Rien n’est facile. Naître, grandir, mourir, ce sont parfois des aventures pénibles qui seraient insupportables sans la parole. Dans un cadre de vie pathogène comme le notre ou le langage ordinaire est malade, parler clair est impossible puisque les mots sont pollués. Il faut donc cracher, évacuer l’aliénation, tel semble être le but de Emilie Gévart dans ce livre. Dans l’affaire, Gésir nous renvoie aussi à la condition textile du texte livré à une sorte de délire linguistique fait de mots mordus, mutilés, de syllabes d’une langue trébuchant, qui semble avoir du mal à coudre un mot ou un paragraphe de manière normale. Les accoucher sera une prouesse ludique et un acte d’exorcisme. Se faire une langue, est se refaire une âme, à mesure que le texte grandit par parcelles, en vers ou en prose, configurant des séquences dramatiques progressives, (comme Verbiages, dévidoir, gémir).

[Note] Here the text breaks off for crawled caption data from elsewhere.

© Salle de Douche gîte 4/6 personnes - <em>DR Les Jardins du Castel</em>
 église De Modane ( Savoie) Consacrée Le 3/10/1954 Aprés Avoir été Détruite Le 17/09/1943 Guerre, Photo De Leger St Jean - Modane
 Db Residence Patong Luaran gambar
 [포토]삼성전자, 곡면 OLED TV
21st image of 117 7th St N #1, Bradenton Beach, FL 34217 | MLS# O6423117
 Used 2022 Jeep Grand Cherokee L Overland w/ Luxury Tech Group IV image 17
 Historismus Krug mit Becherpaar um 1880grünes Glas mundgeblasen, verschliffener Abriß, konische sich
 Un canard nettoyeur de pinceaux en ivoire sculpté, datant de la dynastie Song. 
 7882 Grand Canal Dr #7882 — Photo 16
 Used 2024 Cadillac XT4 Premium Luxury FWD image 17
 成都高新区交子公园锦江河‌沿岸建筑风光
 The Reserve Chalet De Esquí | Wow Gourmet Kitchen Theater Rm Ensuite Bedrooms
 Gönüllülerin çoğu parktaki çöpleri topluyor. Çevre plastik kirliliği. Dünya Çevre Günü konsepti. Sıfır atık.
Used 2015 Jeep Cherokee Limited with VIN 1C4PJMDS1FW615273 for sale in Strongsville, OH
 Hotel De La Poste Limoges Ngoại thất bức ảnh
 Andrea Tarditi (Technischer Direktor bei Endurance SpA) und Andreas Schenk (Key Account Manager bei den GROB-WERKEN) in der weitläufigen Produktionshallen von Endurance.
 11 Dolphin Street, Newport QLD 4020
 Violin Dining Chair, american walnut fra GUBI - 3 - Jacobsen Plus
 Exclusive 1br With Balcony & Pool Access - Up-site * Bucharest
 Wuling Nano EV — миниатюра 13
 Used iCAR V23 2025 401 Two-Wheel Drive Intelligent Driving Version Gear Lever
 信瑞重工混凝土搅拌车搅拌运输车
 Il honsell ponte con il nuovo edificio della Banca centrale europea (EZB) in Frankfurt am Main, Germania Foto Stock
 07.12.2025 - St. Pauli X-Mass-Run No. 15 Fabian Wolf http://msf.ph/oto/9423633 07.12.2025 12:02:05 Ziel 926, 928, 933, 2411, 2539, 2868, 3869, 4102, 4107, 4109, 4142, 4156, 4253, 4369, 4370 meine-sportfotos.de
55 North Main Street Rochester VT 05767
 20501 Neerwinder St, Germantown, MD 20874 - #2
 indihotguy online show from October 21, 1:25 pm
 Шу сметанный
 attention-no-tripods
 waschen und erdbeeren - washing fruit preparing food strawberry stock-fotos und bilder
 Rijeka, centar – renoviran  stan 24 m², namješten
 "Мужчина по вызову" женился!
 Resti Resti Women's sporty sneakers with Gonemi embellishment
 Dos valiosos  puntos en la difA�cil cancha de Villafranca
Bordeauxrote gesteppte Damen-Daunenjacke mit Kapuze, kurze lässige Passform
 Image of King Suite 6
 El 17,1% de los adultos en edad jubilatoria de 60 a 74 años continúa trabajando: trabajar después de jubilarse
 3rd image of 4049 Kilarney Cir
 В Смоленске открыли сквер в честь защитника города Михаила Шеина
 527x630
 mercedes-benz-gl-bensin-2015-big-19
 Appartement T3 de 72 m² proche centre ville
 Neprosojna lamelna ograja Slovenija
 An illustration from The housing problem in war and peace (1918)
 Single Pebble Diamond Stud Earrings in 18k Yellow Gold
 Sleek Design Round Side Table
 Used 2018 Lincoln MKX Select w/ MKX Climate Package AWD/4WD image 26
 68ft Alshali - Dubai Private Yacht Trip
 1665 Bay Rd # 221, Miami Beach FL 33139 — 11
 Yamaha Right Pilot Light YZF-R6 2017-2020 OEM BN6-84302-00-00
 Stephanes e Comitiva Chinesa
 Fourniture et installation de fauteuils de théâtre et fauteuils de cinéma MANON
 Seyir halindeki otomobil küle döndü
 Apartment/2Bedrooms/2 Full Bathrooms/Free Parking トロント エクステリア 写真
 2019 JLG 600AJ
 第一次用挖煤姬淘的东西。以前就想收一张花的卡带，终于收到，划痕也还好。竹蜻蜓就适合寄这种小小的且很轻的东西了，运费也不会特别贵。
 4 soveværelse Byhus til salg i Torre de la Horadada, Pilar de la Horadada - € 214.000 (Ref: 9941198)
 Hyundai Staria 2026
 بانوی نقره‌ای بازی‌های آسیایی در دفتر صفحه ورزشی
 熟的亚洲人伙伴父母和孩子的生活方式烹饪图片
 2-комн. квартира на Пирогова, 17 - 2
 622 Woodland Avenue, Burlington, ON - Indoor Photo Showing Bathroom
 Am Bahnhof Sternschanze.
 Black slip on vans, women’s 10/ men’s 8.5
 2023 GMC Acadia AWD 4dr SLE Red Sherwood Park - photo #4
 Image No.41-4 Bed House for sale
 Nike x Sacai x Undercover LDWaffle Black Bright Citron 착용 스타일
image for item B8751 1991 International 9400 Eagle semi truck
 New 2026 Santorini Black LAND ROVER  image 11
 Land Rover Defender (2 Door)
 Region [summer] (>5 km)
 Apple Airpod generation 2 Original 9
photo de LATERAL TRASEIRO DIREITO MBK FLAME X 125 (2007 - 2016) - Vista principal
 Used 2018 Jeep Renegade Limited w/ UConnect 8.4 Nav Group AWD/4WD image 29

Emilie Gévart n’écrit pas comme il faut mais comme elle peut et comme elle a envie, c'est-à-dire prévoyant la mise en voix du discours sur scène, avec l’oralité fébrile qui est la sienne, en tant qu’acteur d’une pièce théâtrale sociologique. Gésir n’a pas un discours ordinaire, proche du bon sens qui parle de la vie et ses micro-incidents, il nous met plutôt face à une représentation métaphorique du réel par le biais d’un discours atypique, d’une poétique-théâtrale délirante parfois enfantine et spontanée qui dégage une violente étrangeté. Si le langage ordinaire est malade pour suivre la grammaire du pouvoir et des ogres qui ont prétendu confisquer la grammaire d’une existence, venger les mots c’est venger les morts. Dans sa revanche le locuteur va manier les mêmes perversions dont il a été victime, avec un élan de subversion aux effets thérapeutiques
Texte hybride et fragmentaire, donc, qui violente l’expression faisant recours à l’inversion, le retournement ou l’écartèlement des mots pour bâtir une langue avec des miettes, aux traces cérébrales acoustiques fortes, comme si le dictionnaire était une boite à jouets, une boite à musique ou bien une boite à pharmacie. Dans le déferlement euphorique qui profane et segmente la grammaire par la déviation syntactique, la ponctuation et l’espacement disloqués, les mots semblent flotter anxieux et hésitants. La peur trouble le locuteur, l’excès de voix le laisse sans voix, et tétanisé face au souvenir de sa propre segmentation, se met hors-jeu dans une pièce trans générique, dévoilant l’impuissance et la lucidité, la double dissonance de dire ce qui doit être dit et du retour sur soi même.
Ramiro Oviedo
20 septembre 2018
Ramiro Oviedo est un poète né en Equateur en 1952, mais il vit en France depuis 1987. Il a publié plusieurs recueils de poésie et même, avec Augusto Rodriguez, une anthologie bilingues qui présente 33 poètes équatoriens. Vient de paraître aux Editions Corps Puce (collection Liberté sur parole) un dernier volume intitulé : fauves.